By using Amazon.com as a pathfinder, you can track down all sorts of useful sources.

"Look Inside" is Another Way Amazon Can be Helpful

Think of the feature as a preview of a particular title’s content.


Our example will be a volume that showed up during the “mining swindles” search on Amazon: Old West Swindlers by Laurence Yadon and Robert Smith, a paperback published in 2011. The publisher took advantage of Amazon’s Look Inside to upload some of the book’s content. Only a few pages of text are available. But what’s of most interest to me is the Table of Contents, the Index, the Bibliography, and the Notes.

I don’t know about you, but when picking up a book the first thing I do is check out the back matter to see if there are any sources the authors turned up that might be useful to my cause. In this case three subjects-of-particular-interest are listed in the Index, and the TOC shows that one chapter is devoted to their fraud. Alas, the notes for that chapter are not included in the preview.

Want to read Old West Swindlers? There are a couple of options. Buy a copy (either printed or the slightly cheaper Kindle version) or order it through Inter-Library Loan (ILL). 

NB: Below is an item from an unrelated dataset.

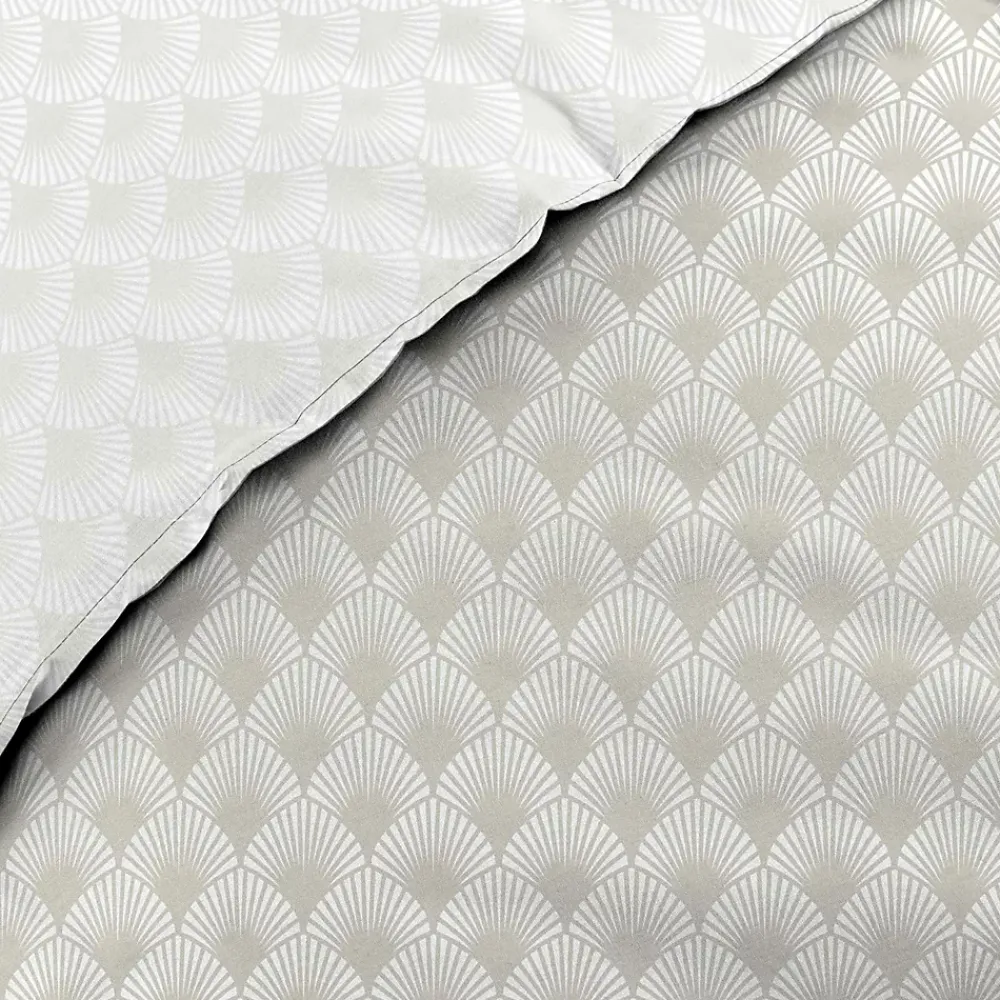 Douceur D'Intérieur Housse de couette réversible 240 x 220 cm + 2 taies Coton 57 fils RAONI* Housse De Couette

Sometimes you’ll run across Amazon Looks Inside that include the entire text. If you find one of these, you’ll need to read it off the screen (no printing allowed).

Finally, Amazon is a Useful Research Tool for Book Proposals

Need to know what’s out there in the way of competition, and also what’s available that might be complementary? Amazon is one of the best sources for this sort of information. Do try to avoid looking at the rankings; they can be depressing. If all the complementary books are down in the 8 millionth range you may want to consider a different topic.